Fraud Detection with Artificial Intelligence
January 02, 2005
From 1999 to 2004, I collected information on the topic of ‘Fraud detection’ on my website.
When I started this in 1999 as a research assistant at the University of Karlsruhe, there was not much information available on the topic of ‘Data Science’. Back then, it was more commonly referred to as ‘Knowledge Discovery in Databases’ (KDD) in academic circles or ‘Data Mining’ in the business world.
In november 2001 my web pages on were the site of the month (Le site du mois) of the (no longer existing) web site web-datamining.net. These pages are gone and are only available at the internet archive.
My web pages on fraud are referenced in the books
- Investigative Data Mining for Security and Criminal Detection by Jesus Mena
- Computer and Intrusion Forensics by George Mohay et. al.
Introduction
Due to technological advancements, more and more areas of daily life are being permeated by computers. Examples include digital communication, internet commerce (E-Commerce), and online banking.
Due to the complexity of these systems, it is very difficult and also very expensive to find all security vulnerabilities before they are operational. Criminals can thus discover security gaps and exploit them for their (often financial) advantage. For example, digital payment systems have been used for money laundering.
When technical systems are misused, methods are needed to detect this misuse and prevent further fraud.

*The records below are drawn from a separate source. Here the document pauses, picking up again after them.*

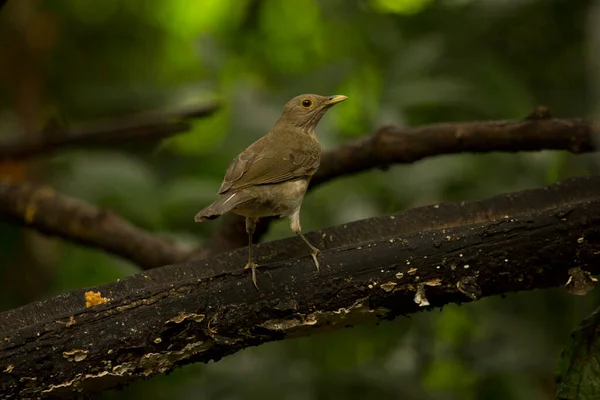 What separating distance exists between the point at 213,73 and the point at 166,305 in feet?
10.5

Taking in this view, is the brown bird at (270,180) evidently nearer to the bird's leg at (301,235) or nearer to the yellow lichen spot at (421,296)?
the bird's leg at (301,235)

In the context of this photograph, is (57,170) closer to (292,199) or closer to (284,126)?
(284,126)

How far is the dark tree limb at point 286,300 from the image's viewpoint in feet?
8.12

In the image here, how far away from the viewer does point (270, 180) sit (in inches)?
125

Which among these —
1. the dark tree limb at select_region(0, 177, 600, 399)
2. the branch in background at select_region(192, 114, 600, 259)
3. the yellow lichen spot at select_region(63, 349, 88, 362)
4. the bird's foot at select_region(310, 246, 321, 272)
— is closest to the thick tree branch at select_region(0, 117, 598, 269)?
the branch in background at select_region(192, 114, 600, 259)

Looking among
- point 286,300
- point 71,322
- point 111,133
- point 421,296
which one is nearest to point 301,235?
point 286,300

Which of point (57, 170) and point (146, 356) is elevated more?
point (57, 170)

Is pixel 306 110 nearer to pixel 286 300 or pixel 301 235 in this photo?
pixel 301 235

In the field of fraud detection, user data is analyzed to reconstruct and analyze user behavior. Fraud management goes a step further and also includes preventative measures, such as stronger access controls.
Many thanks to the following individuals for their support: Heinz Cech, Tom Fawcett, Carlos Santa Cruz Fernandez, Al Guiva, Reinhold Huber, Andreas Lenk und Alexey Vasilyev.
Types of fraud
Misuse appears in various areas, but the task remains the same: Based on the available data about user behavior, fraudulent cases must be distinguished from normal cases.
General
Credit card fraud
- Steven W. Klebe. Evaluating Online Credit Fraud Fraud With Artificial Intelligence.
- John G. Faughnan. International Credit Card/Check Card Fraud with Small Charges.
- The National Check Fraud Center.
- Business Week Online. New Software Aims to Cut Terrorists' Cash.
Internet fraud
- Internet ScamBusters.
- Steven W. Klebe. Evaluating Online Credit Fraud Fraud With Artificial Intelligence.
Insurance fraud
- Stephen Barrett. Insurance Fraud and Abuse: A Very Serious Problem.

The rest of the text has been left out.